Ma quando la rete si blocca, quando intere sezioni di Internet e intere reti sociali smettono di funzionare, l'uomo comune lo sentirà e si vedrà coinvolto nella guerra. Ma questo è comunque lo scenario meno grave.
È molto più pericoloso se questo causasse paralisi o guasti a elementi di infrastrutture critiche dipendenti da internet, come trasporti, reti elettriche o sistemi di monitoraggio dell'energia.
Nell'interesse degli Stati Uniti, lo stato è strettamente coinvolto nel cyberspazio, per parlare, risolvere e prevenire.

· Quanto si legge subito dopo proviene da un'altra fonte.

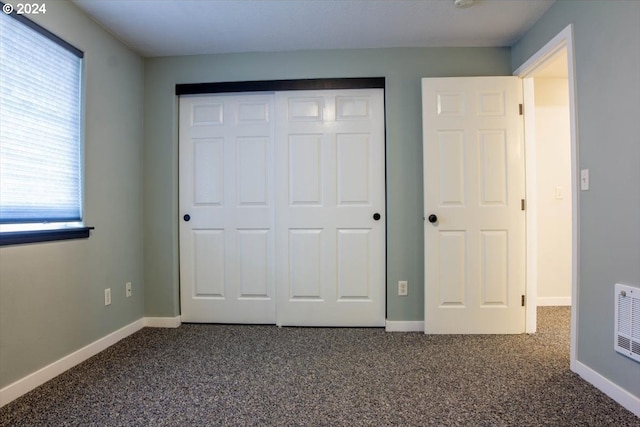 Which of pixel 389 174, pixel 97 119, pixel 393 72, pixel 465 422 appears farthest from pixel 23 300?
pixel 393 72

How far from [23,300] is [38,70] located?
50.0 inches

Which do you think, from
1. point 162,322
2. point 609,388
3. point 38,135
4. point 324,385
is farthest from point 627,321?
point 38,135

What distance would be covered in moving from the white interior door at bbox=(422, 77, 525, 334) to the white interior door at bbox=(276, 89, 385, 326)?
1.47 ft

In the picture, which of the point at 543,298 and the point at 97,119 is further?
the point at 543,298

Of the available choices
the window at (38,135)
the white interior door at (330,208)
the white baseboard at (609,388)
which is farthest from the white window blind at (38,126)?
the white baseboard at (609,388)

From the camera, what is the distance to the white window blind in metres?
1.59

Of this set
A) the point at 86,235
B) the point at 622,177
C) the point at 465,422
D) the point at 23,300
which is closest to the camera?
the point at 465,422

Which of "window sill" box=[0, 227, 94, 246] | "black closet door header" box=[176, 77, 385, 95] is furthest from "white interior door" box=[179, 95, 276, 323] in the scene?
"window sill" box=[0, 227, 94, 246]

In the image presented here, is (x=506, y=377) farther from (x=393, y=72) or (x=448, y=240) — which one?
(x=393, y=72)

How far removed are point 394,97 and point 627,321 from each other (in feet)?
6.59

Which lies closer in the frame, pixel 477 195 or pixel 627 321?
pixel 627 321

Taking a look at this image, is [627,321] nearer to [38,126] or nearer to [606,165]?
[606,165]

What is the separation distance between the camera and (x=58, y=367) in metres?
1.84

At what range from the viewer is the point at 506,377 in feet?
5.86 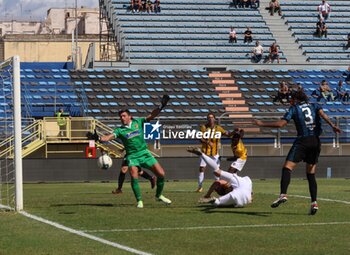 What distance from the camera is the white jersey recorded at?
1636 centimetres

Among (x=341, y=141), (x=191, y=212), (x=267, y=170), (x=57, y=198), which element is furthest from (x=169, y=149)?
(x=191, y=212)

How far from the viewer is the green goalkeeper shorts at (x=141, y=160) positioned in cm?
1685

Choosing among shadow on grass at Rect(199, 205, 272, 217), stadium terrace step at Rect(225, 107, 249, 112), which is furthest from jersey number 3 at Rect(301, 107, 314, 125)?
stadium terrace step at Rect(225, 107, 249, 112)

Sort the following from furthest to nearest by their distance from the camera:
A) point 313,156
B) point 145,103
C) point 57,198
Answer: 1. point 145,103
2. point 57,198
3. point 313,156

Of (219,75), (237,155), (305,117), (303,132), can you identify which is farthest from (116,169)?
(305,117)

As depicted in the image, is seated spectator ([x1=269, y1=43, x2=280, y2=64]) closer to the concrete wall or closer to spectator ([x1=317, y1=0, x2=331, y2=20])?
spectator ([x1=317, y1=0, x2=331, y2=20])

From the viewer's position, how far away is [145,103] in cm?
4431

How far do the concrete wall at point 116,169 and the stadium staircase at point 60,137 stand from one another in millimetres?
2322

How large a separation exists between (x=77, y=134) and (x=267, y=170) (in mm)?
7822

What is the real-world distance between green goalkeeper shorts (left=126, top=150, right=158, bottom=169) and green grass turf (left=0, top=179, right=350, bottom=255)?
2.61 ft

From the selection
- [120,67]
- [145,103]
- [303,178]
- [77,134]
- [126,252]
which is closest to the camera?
[126,252]

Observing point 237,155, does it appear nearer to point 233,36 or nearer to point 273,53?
point 273,53

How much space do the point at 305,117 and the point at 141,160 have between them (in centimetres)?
352

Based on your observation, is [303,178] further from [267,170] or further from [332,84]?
[332,84] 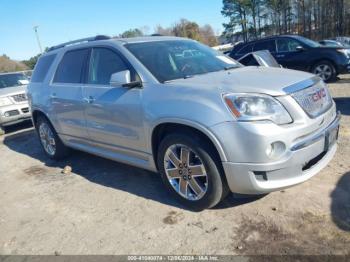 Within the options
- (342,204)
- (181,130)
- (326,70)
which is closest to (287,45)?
(326,70)

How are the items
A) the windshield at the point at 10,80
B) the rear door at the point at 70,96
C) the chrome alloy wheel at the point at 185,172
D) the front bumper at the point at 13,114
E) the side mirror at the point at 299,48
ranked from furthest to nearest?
the side mirror at the point at 299,48
the windshield at the point at 10,80
the front bumper at the point at 13,114
the rear door at the point at 70,96
the chrome alloy wheel at the point at 185,172

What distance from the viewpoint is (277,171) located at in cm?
308

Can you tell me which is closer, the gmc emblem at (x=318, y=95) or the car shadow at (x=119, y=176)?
the gmc emblem at (x=318, y=95)

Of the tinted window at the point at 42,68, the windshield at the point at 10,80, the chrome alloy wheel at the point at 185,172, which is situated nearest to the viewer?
the chrome alloy wheel at the point at 185,172

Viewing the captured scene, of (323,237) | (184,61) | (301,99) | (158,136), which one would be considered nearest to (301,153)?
(301,99)

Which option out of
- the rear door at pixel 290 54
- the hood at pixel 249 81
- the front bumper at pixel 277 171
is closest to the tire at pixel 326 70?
the rear door at pixel 290 54

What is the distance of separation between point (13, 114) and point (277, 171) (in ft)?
26.9

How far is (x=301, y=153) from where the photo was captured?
122 inches

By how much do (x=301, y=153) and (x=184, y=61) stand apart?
1.82 meters

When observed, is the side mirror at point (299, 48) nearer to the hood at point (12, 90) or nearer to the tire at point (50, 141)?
the tire at point (50, 141)

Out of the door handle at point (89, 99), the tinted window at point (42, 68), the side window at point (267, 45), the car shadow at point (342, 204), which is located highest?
the tinted window at point (42, 68)

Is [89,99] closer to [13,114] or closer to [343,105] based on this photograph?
[343,105]

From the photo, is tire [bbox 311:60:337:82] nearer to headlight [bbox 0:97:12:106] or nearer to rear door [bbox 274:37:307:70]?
rear door [bbox 274:37:307:70]

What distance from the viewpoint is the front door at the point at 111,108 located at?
12.9 feet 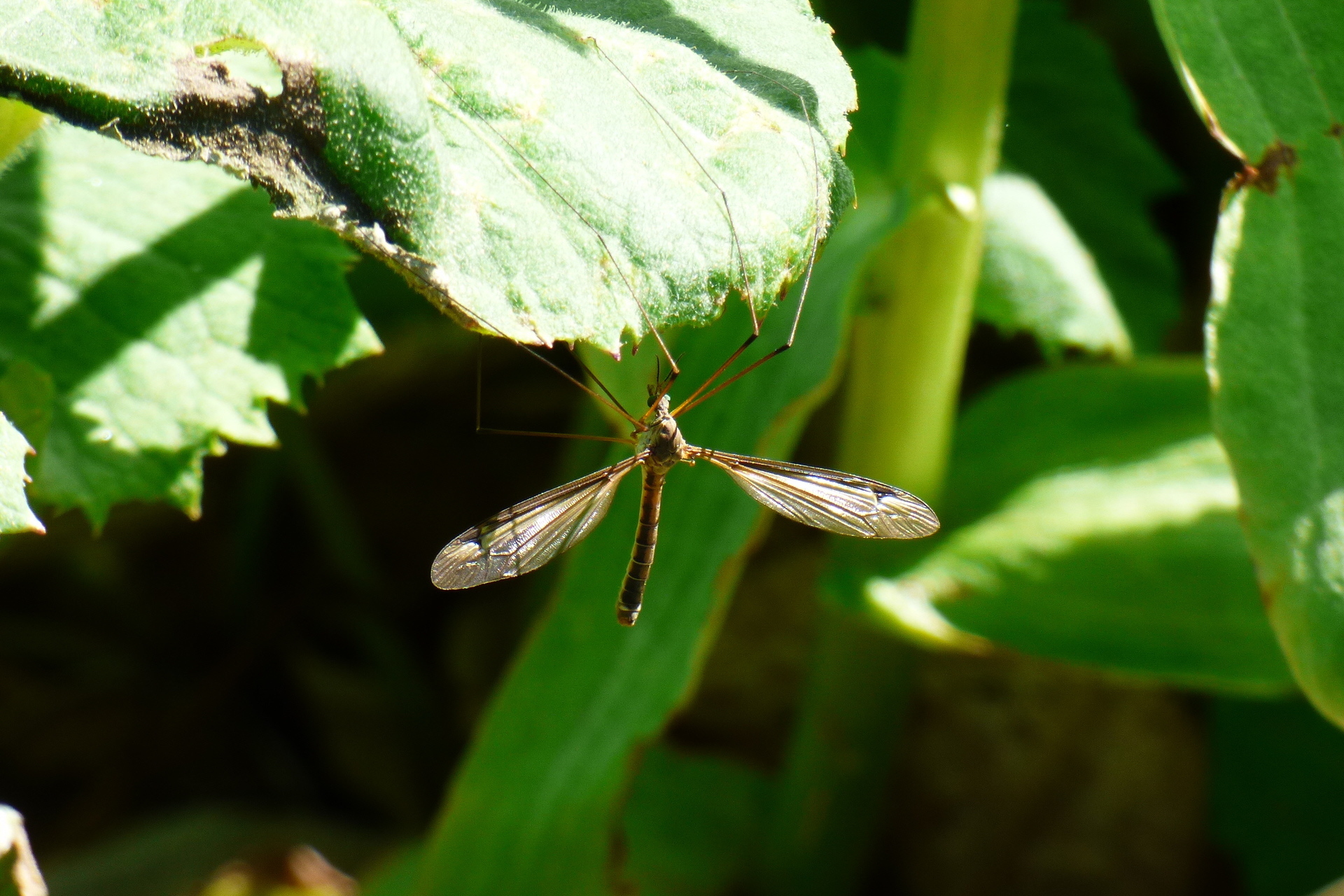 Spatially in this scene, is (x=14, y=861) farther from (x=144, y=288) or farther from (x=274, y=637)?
(x=274, y=637)

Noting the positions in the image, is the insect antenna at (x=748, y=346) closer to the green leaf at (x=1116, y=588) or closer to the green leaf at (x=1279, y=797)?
the green leaf at (x=1116, y=588)

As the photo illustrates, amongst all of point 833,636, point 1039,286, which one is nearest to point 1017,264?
point 1039,286

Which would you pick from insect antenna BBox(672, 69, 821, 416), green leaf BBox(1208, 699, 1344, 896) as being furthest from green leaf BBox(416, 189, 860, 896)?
green leaf BBox(1208, 699, 1344, 896)

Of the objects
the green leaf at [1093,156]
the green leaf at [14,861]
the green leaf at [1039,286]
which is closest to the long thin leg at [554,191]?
the green leaf at [14,861]

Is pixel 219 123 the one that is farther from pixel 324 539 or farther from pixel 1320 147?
pixel 324 539

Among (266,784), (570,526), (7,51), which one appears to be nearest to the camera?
(7,51)

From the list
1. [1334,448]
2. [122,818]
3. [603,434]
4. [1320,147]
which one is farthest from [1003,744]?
[122,818] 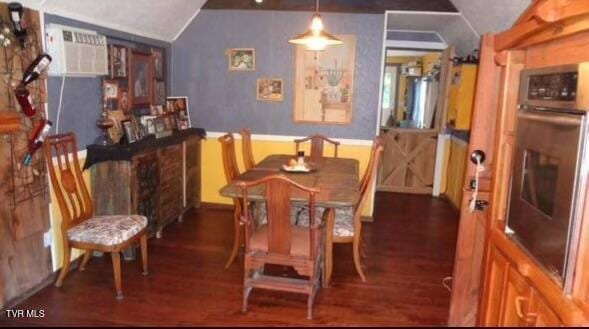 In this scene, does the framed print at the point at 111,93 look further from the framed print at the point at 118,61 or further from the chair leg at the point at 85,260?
the chair leg at the point at 85,260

Ma, probabilmente, oggi la politica degli Stati Uniti è che qualsiasi accordo è estraneo all'ideologia dell'amministrazione repubblicana. Sono convinti di essere dominanti nel cyberspazio, che possono dettare termini e condizioni, continuare a svolgere operazioni nascoste, operazioni che Snowden ci ha rivelato, ma da quel momento molto è progredito. Pertanto, pensano: "Perché? È meglio se non abbiamo le mani legate e agiamo come crediamo".
Ci sono persone nell'establishment americano che sono più inclini a voler stabilire delle regole internazionali in questo ambito. Ma sono per lo più democratici. Ma sono i Democratici che ora si sentono offesi dalla Russia, che secondo loro sarebbe intervenuta nelle elezioni americane. Le accuse sono infondate e non confermate. Ma questa offesa è ancora molto sentita. Pertanto, coloro che di solito sostengono i trattati multilaterali sono fortemente contrari ad un accordo con la Russia.
L'esperto ritiene che sia impossibile mettere a confronto diretto i danni delle armi cibernetiche con la distruzione nucleare
Le armi informatiche possono avere gravi conseguenze sia per le parti coinvolte che non coinvolte. Sarà una guerra totale, ma tuttavia non è affatto necessario che porti a una catastrofe regionale o globale con un numero di vittime paragonabile all'uso di armi di distruzione di massa. Ma il rischio aumenta a causa dell'incertezza su chi e da dove usa le armi informatiche, i terroristi o le forze che agiscono in base alle istruzioni degli stati o dagli stati stessi. Questa incertezza genera un maggiore nervosismo e talvolta il desiderio di rispondere in modo inadeguato, e i documenti delle dottrine militari americani indicano già la possibilità di una risposta nucleare all'uso di armi cibernetiche.